Esempio di parete di I stile da Pompei, Casa di Sallustio (fonte: http://www.pompeiiinpictures.org).
San Giovanni 2017. Frammento di cornice in stucco, in strato di crollo.
San Giovanni 2017. Frammenti di intonaco dipinto in verde (a sinistra)
San Giovanni 2017. Frammenti di pavimento in opus signinum (caduti dal primo piano della villa).
E’ la prima volta che all’Elba vengono ritrovate le tracce degli schemi decorativi del I stile. Queste decorazioni, di manifattura particolarmente elevata, si collocano usualmente fra il 130 e l’80 a.C. e confermano ampiamente quanto si era finora pensato sulla cronologia di costruzione dell’insediamento, attorno al 100, forse un paio di decenni prima. Ma queste decorazioni sono anche il riflesso di un comportamento sociale e culturale che potremmo definire “di classe”. La classe è quella delle potenti famiglie senatorie romane alla fine del secolo delle grandi conquiste, capace di elaborare una propria originale (e vincente) cultura, inclusiva per definizione. Non solo le città e le campagne e le case vengono riconcepite e riformulate ma anche i loro paesaggi e il modo di condurli.
Tutto questo non sarebbe stato possibile senza la collaborazione di Laura Pagliantini, persona indispensabile nella gestione di questo scavo in particolare ma necessaria nella progettazione delle attività culturali in generale di Portoferraio e dell’Isola, coadiuvata dal brillante ingegno di Edoardo Vanni. Accanto a loro stanno crescendo giovani persone diverse per carattere e competenze ma molto brave: la senese Valeria Izzo, le siciliane Cristina Longo e Chiara Mendolia, le calabresi Federica Persampieri, Noemi Liguori, Maria Teresa Sgromo, la campana Egle Mereu, il tarantino Mario Pagnottella (fin qui tutti studenti della Università di Siena), la pisana Caterina Guidi e il padovano Alessandro Bertin. In altri anni abbiamo avuto altre presenze italiane ma il tratto originale di quest’anno è rappresentato dalla presenza del ricercatore spagnolo Oscar Bonilla Santander e dalle studentesse polacche Weronika Novacka e Monika Muszczynska.
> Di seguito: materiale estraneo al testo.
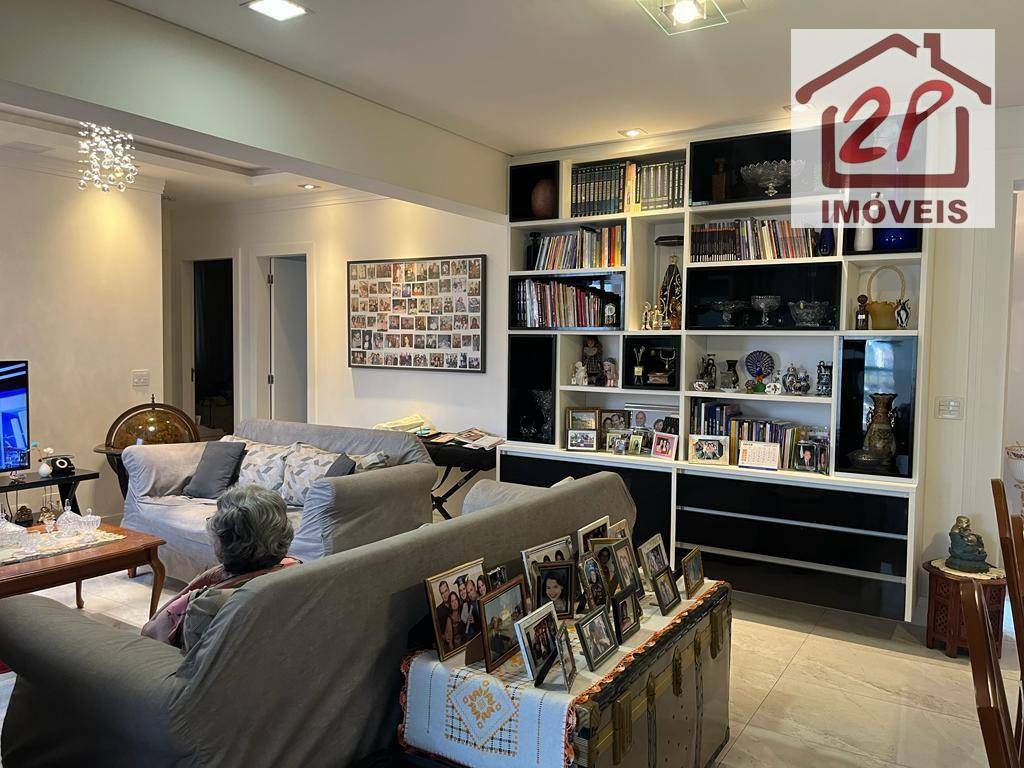 Apartamento à venda com 3 quartos, 122m² - Foto 1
Una delle cose più belle di questa campagna è stata la partecipazione attiva degli studenti liceali, nell’ambito della Alternanza Scuola/Lavoro. E’ vero che questo dispositivo, nel suo complesso, è mal concepito e peggio fatto ma nel caso in specie possiamo dire di avere visto all’opera una serie di intelligenze collettive che hanno permesso di sviluppare una significativa sinergia.
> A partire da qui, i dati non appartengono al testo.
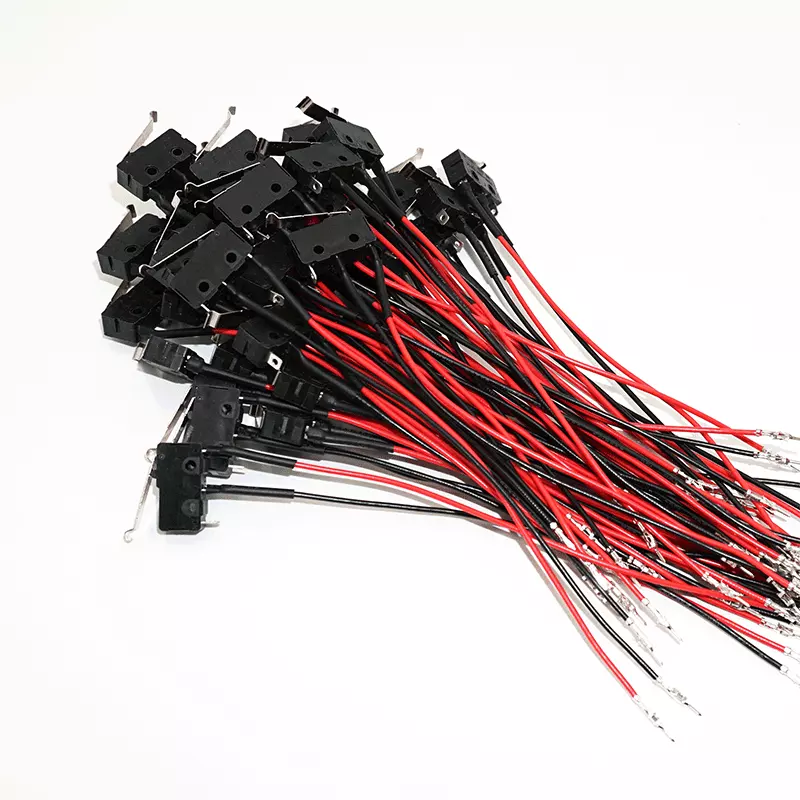 Wire Harness with Potentiometer Switches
Ringrazio, in particolare, gli alunni della Prof. Giusi Vago, bravissimi.
Ringrazio i compagni di strada di sempre: Marco Benvenuti, Alessandro Corretti, Cecilia Pacini di Italia Nostra, Rossana Galletti di Accademia della Cucina, Valter Giuliani di Elbataste e il vitivinicoltore e amico Antonio Arrighi.
Ringrazio Paolo Gasparri, che, oltre ad essere proprietario del terreno, è anche custode della conservazione di una piccola ma sempre più importante parte della rada di Portoferraio.
Ringrazio il Comune di Portoferraio e il vicesindaco Roberto Marini, per il sostegno e per la concessione dell’indispensabile servizio mensa.
Vi sono, poi, tutta una serie di donatori privati, che ringrazierò successivamente.
Noi stiamo già preparando San Giovanni 2018. Ci saremo anche il prossimo anno. Intanto, rimettiamo a posto la documentazione e le idee e formuliamo altre ipotesi e altre congetture.
Qualcuno dirà: ipotesi, congetture, ma questi cambiano idea ogni tre per due. Non è proprio così. Molti punti sono fermi fin dagli inizi di questa impresa (i proprietari, la cronologia iniziale, il paesaggio agrario). Altri punti crescono e si evolvono intrinsecamente e in relazione ai fattori esterni. Ma così è la vita e solo i dinosauri non si evolvono: tant’è che, a parte i coccodrilli e gli squali, si sono estinti.